** Opening Records shown block **

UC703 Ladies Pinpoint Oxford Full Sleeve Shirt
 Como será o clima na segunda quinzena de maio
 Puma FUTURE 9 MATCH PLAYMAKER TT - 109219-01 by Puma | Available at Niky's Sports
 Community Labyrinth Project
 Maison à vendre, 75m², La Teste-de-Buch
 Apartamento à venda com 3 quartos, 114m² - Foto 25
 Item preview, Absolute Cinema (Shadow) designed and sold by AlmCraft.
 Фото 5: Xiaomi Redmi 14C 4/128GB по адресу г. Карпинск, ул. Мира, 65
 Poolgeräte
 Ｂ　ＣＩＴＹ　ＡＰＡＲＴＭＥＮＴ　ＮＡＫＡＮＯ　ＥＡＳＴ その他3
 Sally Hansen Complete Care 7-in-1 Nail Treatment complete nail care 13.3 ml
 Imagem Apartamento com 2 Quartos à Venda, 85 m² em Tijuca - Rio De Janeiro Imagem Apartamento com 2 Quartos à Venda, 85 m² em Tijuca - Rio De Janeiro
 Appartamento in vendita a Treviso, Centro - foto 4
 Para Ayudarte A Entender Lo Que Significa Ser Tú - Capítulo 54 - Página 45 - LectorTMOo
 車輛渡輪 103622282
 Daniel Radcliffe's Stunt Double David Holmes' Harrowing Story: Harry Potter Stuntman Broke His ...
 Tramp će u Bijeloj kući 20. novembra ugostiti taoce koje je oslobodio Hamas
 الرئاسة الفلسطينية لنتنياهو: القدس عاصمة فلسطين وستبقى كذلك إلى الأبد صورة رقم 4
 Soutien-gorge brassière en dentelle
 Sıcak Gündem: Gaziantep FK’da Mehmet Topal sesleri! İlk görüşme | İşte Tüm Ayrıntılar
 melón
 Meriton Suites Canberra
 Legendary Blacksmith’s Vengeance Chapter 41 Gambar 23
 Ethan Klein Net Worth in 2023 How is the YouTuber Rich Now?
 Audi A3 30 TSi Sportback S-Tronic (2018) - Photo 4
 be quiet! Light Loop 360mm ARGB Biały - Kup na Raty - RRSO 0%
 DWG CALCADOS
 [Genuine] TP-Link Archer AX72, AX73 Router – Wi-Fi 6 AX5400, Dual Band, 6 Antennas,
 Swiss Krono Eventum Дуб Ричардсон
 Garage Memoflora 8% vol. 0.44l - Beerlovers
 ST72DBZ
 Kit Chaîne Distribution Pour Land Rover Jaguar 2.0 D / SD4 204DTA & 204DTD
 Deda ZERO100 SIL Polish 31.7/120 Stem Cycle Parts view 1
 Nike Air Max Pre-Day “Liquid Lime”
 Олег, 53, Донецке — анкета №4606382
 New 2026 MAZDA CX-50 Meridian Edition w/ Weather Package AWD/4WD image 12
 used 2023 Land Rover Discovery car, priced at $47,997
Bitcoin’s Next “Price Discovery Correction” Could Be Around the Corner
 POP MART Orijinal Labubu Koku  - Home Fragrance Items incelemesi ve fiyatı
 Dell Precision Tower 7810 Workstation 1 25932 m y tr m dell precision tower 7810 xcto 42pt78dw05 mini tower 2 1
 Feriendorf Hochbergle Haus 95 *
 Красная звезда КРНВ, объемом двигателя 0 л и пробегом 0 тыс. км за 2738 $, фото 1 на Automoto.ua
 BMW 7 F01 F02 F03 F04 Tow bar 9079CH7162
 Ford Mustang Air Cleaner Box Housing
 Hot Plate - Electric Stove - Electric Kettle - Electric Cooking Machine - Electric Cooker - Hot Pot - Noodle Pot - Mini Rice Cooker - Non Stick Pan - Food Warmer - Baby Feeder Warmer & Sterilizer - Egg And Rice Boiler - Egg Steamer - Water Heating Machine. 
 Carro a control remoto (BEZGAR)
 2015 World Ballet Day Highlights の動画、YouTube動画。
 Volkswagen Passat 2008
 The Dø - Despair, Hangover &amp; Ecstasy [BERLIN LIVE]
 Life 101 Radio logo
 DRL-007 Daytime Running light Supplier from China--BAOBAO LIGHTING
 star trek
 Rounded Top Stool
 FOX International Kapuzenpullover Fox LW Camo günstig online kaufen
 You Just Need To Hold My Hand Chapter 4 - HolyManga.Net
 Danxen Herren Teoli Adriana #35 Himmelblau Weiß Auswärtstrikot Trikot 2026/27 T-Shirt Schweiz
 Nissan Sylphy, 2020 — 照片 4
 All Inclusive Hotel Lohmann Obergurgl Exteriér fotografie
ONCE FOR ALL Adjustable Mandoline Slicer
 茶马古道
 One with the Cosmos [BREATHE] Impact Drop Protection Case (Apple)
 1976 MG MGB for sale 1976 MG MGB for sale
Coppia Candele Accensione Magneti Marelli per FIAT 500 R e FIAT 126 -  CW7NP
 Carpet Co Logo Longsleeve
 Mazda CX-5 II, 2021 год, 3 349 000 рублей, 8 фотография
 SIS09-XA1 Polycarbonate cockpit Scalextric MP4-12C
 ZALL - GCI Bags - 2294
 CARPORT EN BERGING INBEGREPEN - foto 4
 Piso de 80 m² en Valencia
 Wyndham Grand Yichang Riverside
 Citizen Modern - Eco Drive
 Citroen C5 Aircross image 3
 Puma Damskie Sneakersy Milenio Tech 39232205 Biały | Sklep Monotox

** Closing Records shown block **

Exercise description →
Keeping every character as it is, restate the lines above that run from the line with "Ford Mustang Air Cleaner Box Housing" through the line with "Life 101 Radio logo", both included, and nothing else.

Task solution →
 Ford Mustang Air Cleaner Box Housing
 Hot Plate - Electric Stove - Electric Kettle - Electric Cooking Machine - Electric Cooker - Hot Pot - Noodle Pot - Mini Rice Cooker - Non Stick Pan - Food Warmer - Baby Feeder Warmer & Sterilizer - Egg And Rice Boiler - Egg Steamer - Water Heating Machine. 
 Carro a control remoto (BEZGAR)
 2015 World Ballet Day Highlights の動画、YouTube動画。
 Volkswagen Passat 2008
 The Dø - Despair, Hangover &amp; Ecstasy [BERLIN LIVE]
 Life 101 Radio logo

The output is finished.